B. Zum Hinweis auf den österreichischen Familienbetrieb:
1. Die rechtliche Beurteilung des Berufungsgerichts, der Hinweis auf den österreichischen Familienbetrieb iSd § 2 UWG sei irreführend, ist zutreffend. Es kann daher auf dessen Begründung verwiesen werden (§ 510 Abs 3 ZPO).
2. Auf Seite 20 ihrer Revision vertritt sogar die beklagte Partei, der Hinweis auf einen „IFS‑zertifizierten österreichischen Familienbetrieb“ enthalte „klar und eindeutig“ unter anderem die Aussage, dass „die Forellenfilets aus einem österreichischen Familienbetrieb stammen“, was aber der ausdrücklich festgestellten Tatsache widerspricht, wonach die Forellenfilets aus italienischer Aquakultur stammen.
3. Zutreffend ist das Berufungsgericht davon ausgegangen, es reiche für die Relevanz der Irreführung schon aus, dass die Bezugnahme auf die geographische Herkunft geeignet sei, einen nicht unerheblichen Teil der umworbenen Abnehmer bei seiner Auswahlüberlegung irgendwie zu beeinflussen (RIS‑Justiz RS0078396). Ob die Irreführung im Einzelfall tatsächlich bewirkt wird, ist dabei unerheblich; die bloße Gefahr einer Täuschung genügt (RIS‑Justiz RS0078396 [T1]).
4. Im Hinblick darauf, dass die Beklagte durch den unrichtigen Hinweis auf den österreichischen Familienbetrieb den Irreführungstatbestand des § 2 UWG erfüllt hat, ist die beanstandete Geschäftspraktik als unlauter und damit verboten zu beurteilen, ohne dass die allfällige Einhaltung der beruflichen Sorgfalt zu prüfen wäre oder es auf das Vertrauen der beklagten Partei auf ein Untersuchungszeugnis der Lebensmitteluntersuchungsanstalt der Stadt Wien ankommt (vgl 4 Ob 183/13k -Schulschikurse III).
C. Zur Formulierung des Unterlassungsgebots:
1. Das Gericht ist berechtigt, dem Spruch eine klare und deutliche, vom Wortlaut des Begehrens abweichende Fassung zu geben, wenn sich letztere im Wesentlichen mit dem Begehren und Vorbringen deckt (vgl RIS‑Justiz RS0039357; RS0041254 [T2, T4, T12, T13]). Möglich ist eine Umformulierung auf den Kern der Verletzungshandlung oder eine Verdeutlichung des Begehrten (4 Ob 13/13k ‑ Elektronische Post; 4 Ob 65/14h ‑ Überkleben von Wahlplakaten). Unzulässig ist der Zuspruch von mehr (einem Plus) oder etwas anderem (einem Aliud) als vom Kläger begehrt, nicht aber der Zuspruch bloß eines Teils davon (eines Minus).
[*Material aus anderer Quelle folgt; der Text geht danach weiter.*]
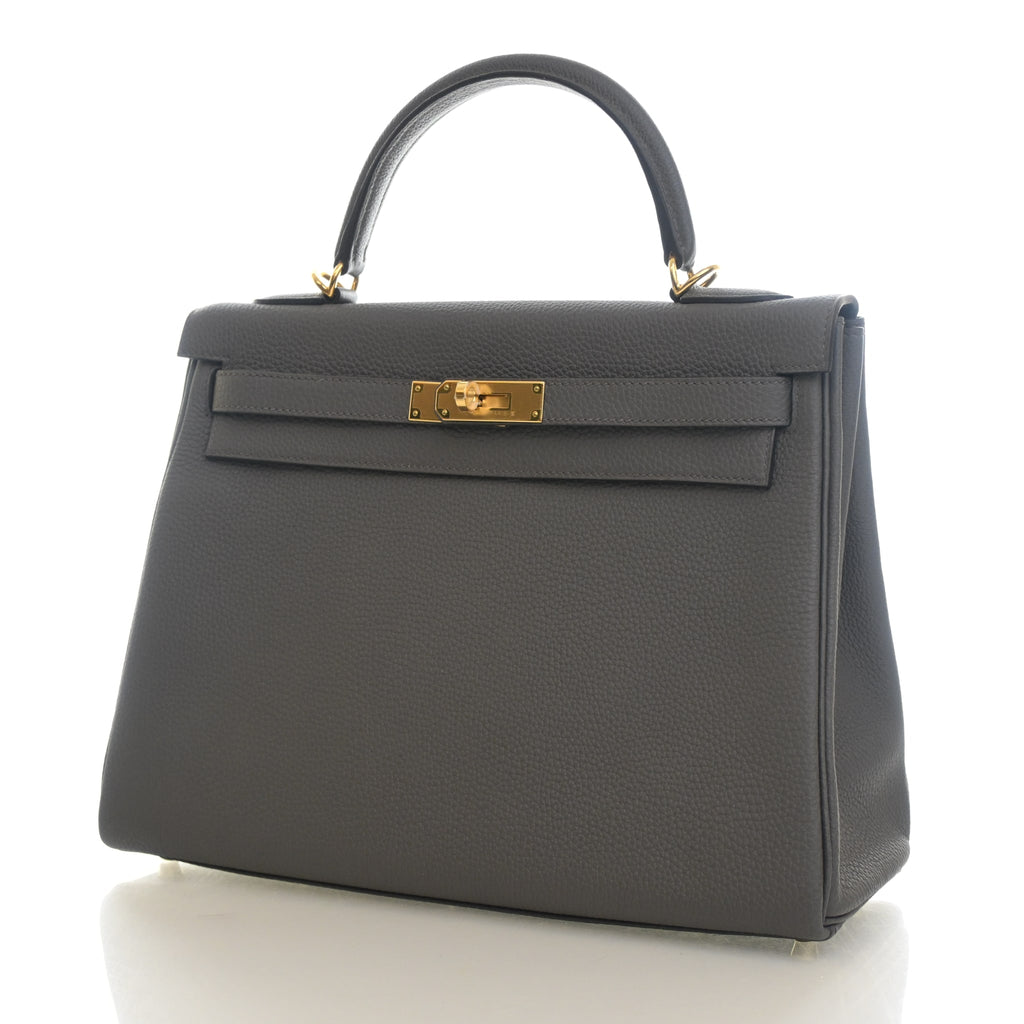 Hermès Gris Étain Togo Kelly 32 (GHW | 2021)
Bei der Neufassung des Spruchs hat sich das Gericht somit im Rahmen des vom Kläger Gewollten und damit innerhalb der von § 405 ZPO gezogenen Grenze zu halten (RIS‑Justiz RS0041254). Diese Grenze wird nicht überschritten, wenn der Spruch nur verdeutlicht, was nach dem Vorbringen ohnedies begehrt ist (RIS‑Justiz RS0039357 [T27]; 4 Ob 93/10w ÖBl 2011, 221 ‑ Sternzeichen). Für die Frage, ob das Gericht über die seinem Urteilsspruch im § 405 ZPO gezogenen Schranken hinausgegangen ist, ist nicht allein das Klagebegehren maßgebend, sondern auch der übrige Inhalt der Klage (RIS‑Justiz RS0041078; RS0041165).
2. Gegen diese Grundsätze hat das Berufungsgericht mit seiner Umformulierung nicht verstoßen, weshalb auch der dazu geltend gemachte Verfahrensmangel nicht vorliegt.
3. Eine nähere Erörterung kann unterbleiben, weil das Unterlassungsgebot zur weiteren Präzisierung vom erkennenden Senat im Rahmen einer Maßgabebestätigung geringfügig zu modifizieren war.
3.1 Dabei war insbesondere zu beachten, dass die klagende Partei in der Produktverpackung einerseits eine unlautere Handlung sah, weil damit ohne Genehmigung auf die IFS‑Zertifizierung hingewiesen wurde. Zusätzlich und unabhängig davon machte die klagende Partei andererseits auch einen Verstoß gegen § 2 UWG wegen Irreführung aufgrund des Hinweises auf den österreichischen Familienbetrieb geltend. Beide Verstöße kommen ungeachtet ihrer Kombination im Unterlassungsbegehren klar zum Ausdruck und finden sich auch hinreichend im Vorbringen der klagenden Partei. Zur Verdeutlichung waren die zu unterlassenen Handlungen im Spruch stärker zu trennen.
3.2 Bereits das Berufungsgericht hat einen Verstoß gegen das Unterlassungsgebot von der fehlenden Genehmigung abhängig gemacht. Derartiges ist zulässig und bewirkt keine Überschreitung des Begehrens. Damit soll dieses lediglich präzisiert werden, zumal die klagende Partei sich explizit auf UWG Anh Z 2 stützte und der beklagten Partei auch ausdrücklich vorwarf, sie hätte keine entsprechende Genehmigung für den Hinweis auf die IFS‑Zertifizierung.
D. Zum Veröffentlichungsbegehren:
Auf den von der Revisionswerberin bekämpften Ausspruch über die Ermächtigung zur Urteilsveröffentlichung ist nicht mehr einzugehen. Die beklagte Partei hat in der zweiten Instanz nicht geltend gemacht, dass die Urteilsveröffentlichung nicht berechtigt sei. Das kann sie in der Revision nicht mehr nachholen (4 Ob 379/87; 4 Ob 122/88; 4 Ob 53/90; RIS‑Justiz RS0043573 [T28]).
E. Die Kostenentscheidung gründet auf den §§ 41 und 50 ZPO.